Мне нравится ваше обсуждение Сайруса Адлера, который купил книгу «Жизнь и мораль» для Смитсоновского института. Адлер проявлял давний интерес к широкой истории религии и особенно к вкладу Америки в религию. В своей работе в Смитсоновском институте вы считаете себя продолжающим следовать примеру Адлера или отступающим от него?

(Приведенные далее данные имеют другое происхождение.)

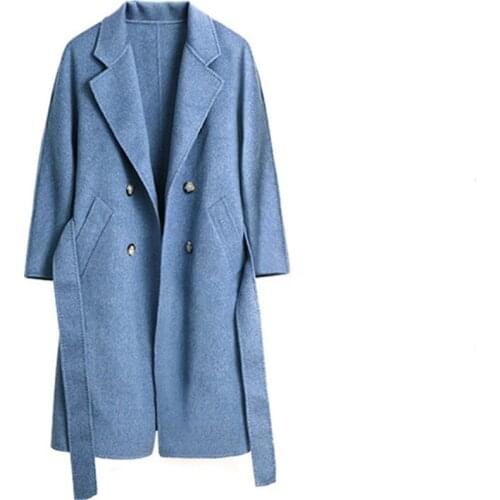 Hand made 2face pure woolen fabrics women double breasted sashes long overcoat suits collar S-XL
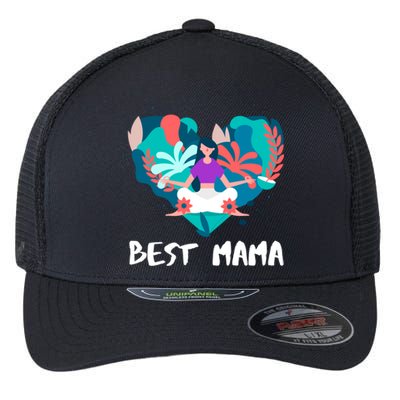 Best Mama Yoga Mom Gift Flexfit Unipanel Trucker Cap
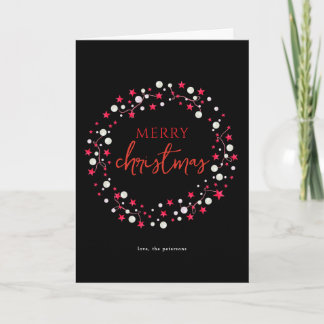 Cartes Pour Fêtes Annuelles Couronne festive de Noël non photo minuit Vacances
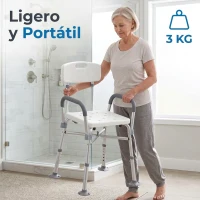 HOMCOM Silla Ducha Personas Mayores con Respaldo Reposabrazos Altura Ajustable Cojín Acolchado Extraíble Carga 136 kg Gris(m-6)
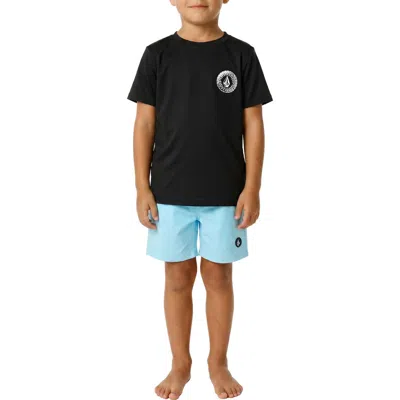 Volcom Kids' Ombré Stone Rashguard T-shirt & Swim Shorts Set In Multi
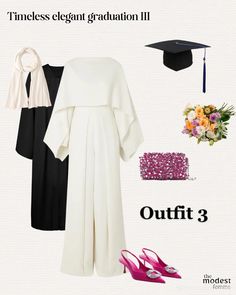 Graduation fitspo Hijabi Dresses Graduation, Vest Outfits Graduation, Graduation Jumpsuit Hijab, White Graduation Dress Hijabi, Muslim Graduation Dress University, Graduation Clothes University, Graduation Dress College Hijab, Hijab Graduation Outfit Ideas, Simple Hijab Dress For Graduation Party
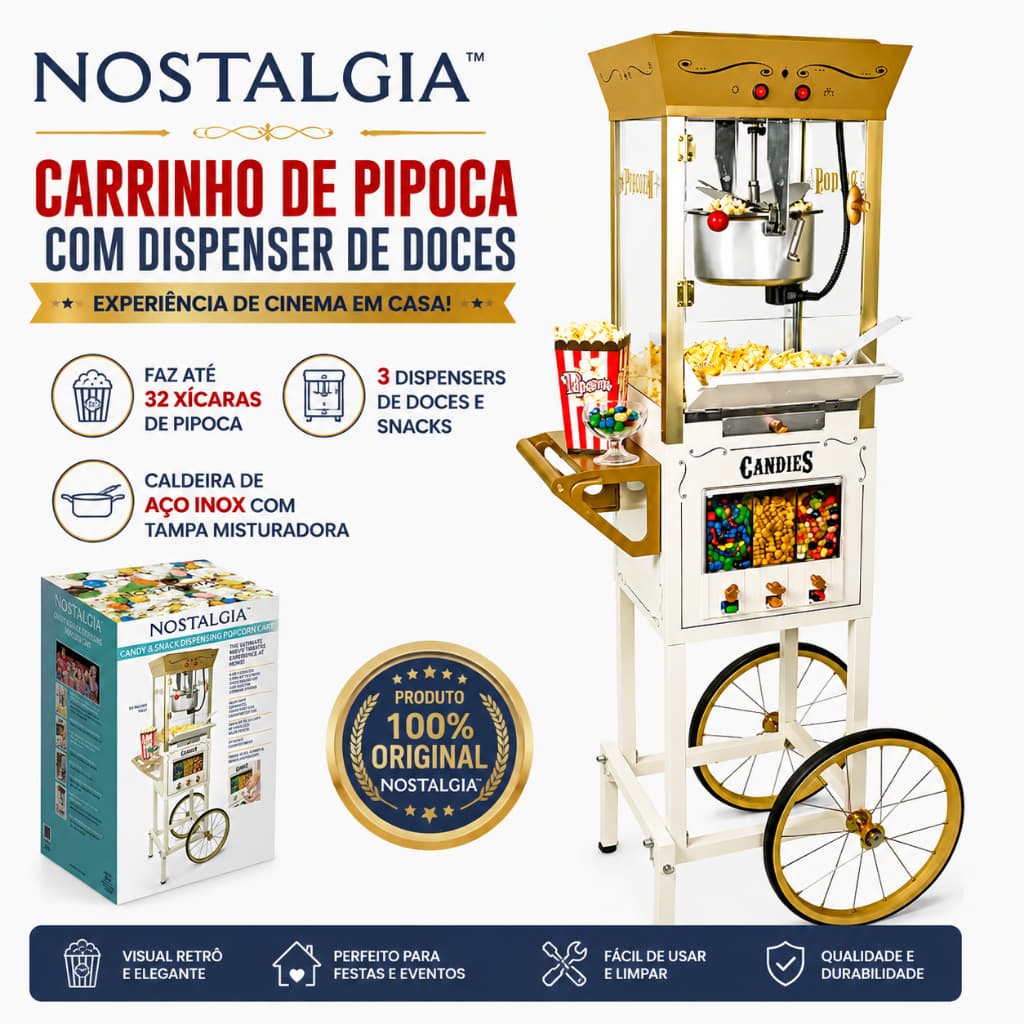 CARRINHO DE PIPOCA NOSTALGIA RETRÔ COM DISPENSER DE DOCES C/ ILUMINAÇÃO | 32 XÍCARAS | CINEMA EM CASA | PIPOQUEIRA 127V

Когда я стал куратором отдела религии в Национальном музее американской истории в 2016 году, у меня, возможно, были некоторые фантазии Индианы Джонса о том, что может повлечь за собой моя работа, но после того, как я узнал о Сайрусе Адлере - что я и сделал в первые несколько дней на работе - он был моим образцом для подражания и, возможно, даже моим святым покровителем. Начиная с 1890-х годов он собрал коллекцию в Национальном музее США, в которой религия рассматривалась как предмет глобального значения и жизненно важных национальных интересов. Что также важно, у него были твердые взгляды на то, что в США мы не должны рассматривать религию с точки зрения традиций большинства и меньшинства, но что права и свободы каждого сообщества равны правам и свободам любого другого, независимо от демографии. Большая часть моих собственных исследований и работ, таких как моя книга 2015 года «Единая нация под богами», была сосредоточена на огромном и устойчивом влиянии небольших религиозных традиций в Америке, поэтому подход Адлера был как нельзя кстати. Конечно, я могу быть виновен в том, что усматриваю в его наследии отголоски той работы, которую я пытаюсь делать, как это делали многие с Джефферсоном и его Библией, но успех Адлера, демонстрирующий непреходящую актуальность истории религии как внутри, так и внутри за пределами музея это то, к чему я продолжаю стремиться.